Sunday, February 27, 2005

Democracy at work in Canada?

breen071701link

Democracy may be under threat here (here being the good old USofA) but it does seem to be working rather better this week in Canada. There is lots of blither in the media about the Canadian Liberal party government deciding not to sign on with the US missile defense scam. Really, is there anyone who doesn't work for a war contractor who believes this thing will ever do anything except enrich some corporate stockholders?

The Toronto Globe and Mail explains the decision simply and cogently, albeit in the last paragraph of a long story:

A number of senior government sources have recently told reporters in The Globe and Mail's Ottawa bureau that the federal government felt that the deep unpopularity of missile defence among Canadians made further participation a non-starter.



Yes -- Canadians do spell it "defence."

Naturally the US administration has responded with its standard form of spin: take the language of your opponents and twist it to mean its opposite:

"Although Prime Minister Paul Martin said Canada would 'insist' on maintaining control of its airspace, U.S. Ambassador Paul Cellucci warned that Washington would not be constrained. 'We will deploy. We will defend North America,' he said.

'We simply cannot understand why Canada would in effect give up its sovereignty -- its seat at the table -- to decide what to do about a missile that might be coming towards Canada.'"



BWAAHH! I thought Canada was asserting its sovereignty against the elephant next door, but what do I know? Only how we are supposed to consume the media in George W's USA: brainlessly.

2 comments:

Furrowed said...

It’s really a “Catch 22” situation for us. Assert our political sovereignty now by saying no, and lose (or so the spin goes) our sovereignty later when a missile comes, or vice versa. Only two reasons I can see a missile coming into Canada: a) it’s passing over Canadian airspace on its way to the US, or b) it’s missing its US target…horribly. Americans will most likely fix either of those situations, so my vote is for us not bending over politically now.

janinsanfran said...

Delicious Canadian commentary on US arrogance can be read here.
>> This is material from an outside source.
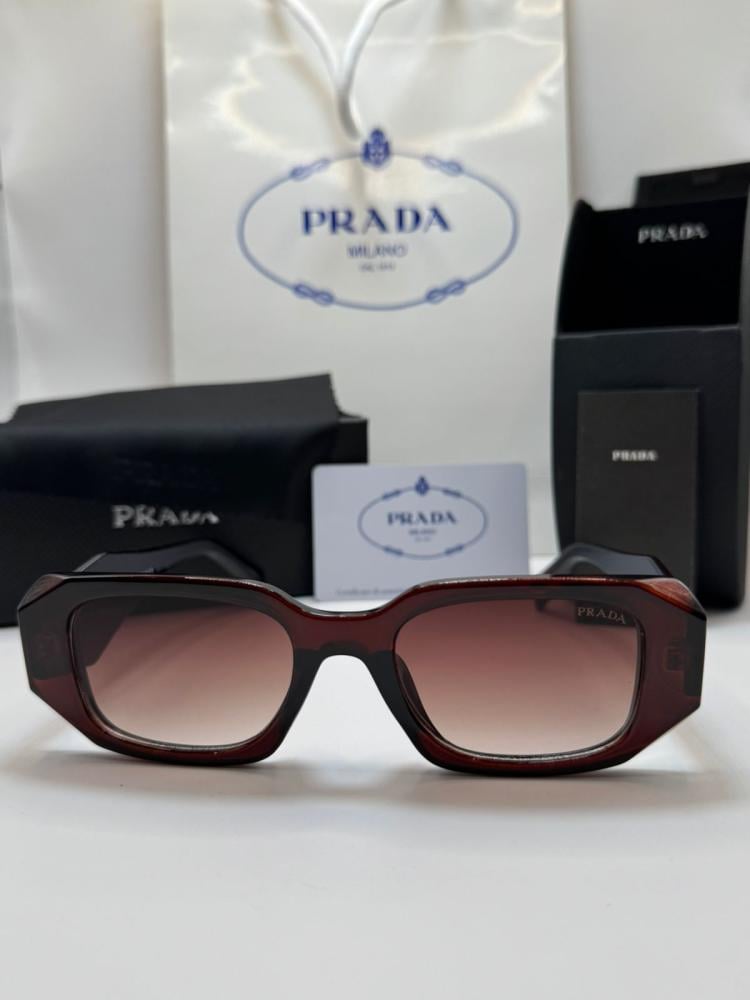 نظارة ماركة برادا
Missile Counter-Attack: Axworthy fires back at U.S. -- and Canadian -- critics of our BMD decision in An Open Letter to U.S. Secretary of State Condoleezza Rice. One great bit:

Coming to Ottawa might also expose you to a parliamentary system that has a thing called question period every day, where those in the executive are held accountable by an opposition for their actions, and where demands for public debate on important topics such a missile defence can be made openly.

You might also notice that it's a system in which the governing party's caucus members are not afraid to tell their leader that their constituents don't want to follow the ideological, perhaps teleological, fantasies of Canada's continental co-inhabitant. And that this leader actually listens to such representations.

Your boss did not avail himself of a similar opportunity to visit our House of Commons during his visit, fearing, it seems, that there might be some signs of dissent. He preferred to issue his diktat on missile defence in front of a highly controlled, pre-selected audience.

Such control-freak antics may work in the virtual one-party state that now prevails in Washington. But in Canada we have a residual belief that politicians should be subject to a few checks and balances, an idea that your country once espoused before the days of empire.